Je me réveille lentement dans ce lit dont je ne me souviens plus du vide des premiers jours de mon séjour à Florence. J’entrevois son dos. Il dort paisiblement sur le flanc. Nous avons déjà partagé plusieurs aurores ensemble, avant qu’il rejoigne ses enfants à la salle du petit déjeuner.

Il s’agit pourtant d’une des dernières fois où nous serons côte à côte dans ce lit car nos séjours respectifs se terminent.

Nous n’en avons pas encore parlé.

Ce silence rend les moments partagés particulièrement précieux. Cette intensité me déstabilise comme si en face nous se dresse un “oui” affirmatif et intangible à la vie. J’aimerais qu’il ne vacille plus jamais et qu’avec mon amant, nous puissions le perpétuer encore longtemps.

Sa peau m’est déjà familière, sa courbe d’épaule et sa nuque aussi. Il se réveille toujours après moi, ce qui me donne l’occasion de soupirer au rythme de sa respiration profonde et sereine. Je dépose des baisers sur son dos, me plonge dans son odeur du matin et m’accapare sa peau : un mélange de douceur et de transpiration, de renfermé et de vivant. Je ne me lasserai jamais des réveils à deux et de ses premières rencontres de la journée.

Je le caresse du dos de ma main et suis les reliefs de sa colonne vertébrale. Il continue à dormir calmement. Ma main se retourne pour le caresser avec plus de franchise sur sa hanche et le long de son corps.

C’est irrésistible, je me rapproche de lui, ma poitrine contre son dos. Sa chaleur m’apaise. J’aime avoir des seins de femmes avec cette sensation d’être plaquée sur son dos. J’ai envie de palper son sexe, juste reconnaître cette partie intime de son corps. Elle est au repos, encore endormie.

Lui

Après avoir fait l’amour, nous nous sommes assoupis dans les bras de l’un et de l’autre. Elle plus vite que moi, et je me suis mis sur le côté pour m’endormir à mon tour.
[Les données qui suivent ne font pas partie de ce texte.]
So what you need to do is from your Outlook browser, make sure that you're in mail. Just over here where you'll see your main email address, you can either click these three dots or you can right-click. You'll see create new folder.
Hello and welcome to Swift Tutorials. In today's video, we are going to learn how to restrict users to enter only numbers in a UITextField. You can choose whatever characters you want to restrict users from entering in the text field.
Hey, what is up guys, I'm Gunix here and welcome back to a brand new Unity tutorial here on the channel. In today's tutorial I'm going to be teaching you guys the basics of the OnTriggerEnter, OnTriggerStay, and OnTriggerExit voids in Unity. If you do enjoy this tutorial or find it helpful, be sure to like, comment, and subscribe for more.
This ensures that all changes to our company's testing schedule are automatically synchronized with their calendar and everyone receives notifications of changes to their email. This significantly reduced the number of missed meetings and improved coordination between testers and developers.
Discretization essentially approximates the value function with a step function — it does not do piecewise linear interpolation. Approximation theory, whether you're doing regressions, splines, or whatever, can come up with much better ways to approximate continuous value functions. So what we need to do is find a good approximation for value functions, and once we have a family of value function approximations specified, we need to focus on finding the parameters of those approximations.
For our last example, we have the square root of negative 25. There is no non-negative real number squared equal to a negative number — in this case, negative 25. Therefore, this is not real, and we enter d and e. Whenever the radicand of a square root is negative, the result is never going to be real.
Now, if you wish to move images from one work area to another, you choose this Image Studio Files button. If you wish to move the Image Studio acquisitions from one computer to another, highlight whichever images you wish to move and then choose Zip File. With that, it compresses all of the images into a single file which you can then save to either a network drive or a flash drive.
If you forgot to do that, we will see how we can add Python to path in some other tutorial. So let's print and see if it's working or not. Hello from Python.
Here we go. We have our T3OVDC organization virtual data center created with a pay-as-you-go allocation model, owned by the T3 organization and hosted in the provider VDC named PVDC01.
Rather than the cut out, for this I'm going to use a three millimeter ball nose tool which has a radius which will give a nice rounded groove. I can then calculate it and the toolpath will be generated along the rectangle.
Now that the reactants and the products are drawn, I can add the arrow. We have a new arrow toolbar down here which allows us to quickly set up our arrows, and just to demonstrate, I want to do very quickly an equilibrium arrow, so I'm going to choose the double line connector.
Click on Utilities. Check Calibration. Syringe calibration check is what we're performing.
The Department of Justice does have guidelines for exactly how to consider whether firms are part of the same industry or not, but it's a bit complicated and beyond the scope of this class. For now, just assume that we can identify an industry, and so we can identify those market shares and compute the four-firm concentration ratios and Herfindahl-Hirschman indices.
Le matin, encore somnolent, j’ai senti sa main sur mon sexe, douce et délicate : une marque de tendresse. Sentir le rebondi de ses seins dans mon dos a éveillé mes sens plus vite qu’à l’accoutumée.

La texture de son corps que j’imagine nu derrière moi, celui-là même que je visite depuis plusieurs jours, m’émeut et me donne envie de deviner dans ses yeux son humeur du matin dans lequel je verrai ma journée commencer. Je me retourne face à elle et découvre la lumière qui se reflète dans ses pupilles et se répand sur la courbe de sa hanche. J’ai envie de suivre ce soleil qui la caresse, d’être à sa place, sur ce corps, imprégné de rencontres imperceptibles entre la peau et l’astre incandescent.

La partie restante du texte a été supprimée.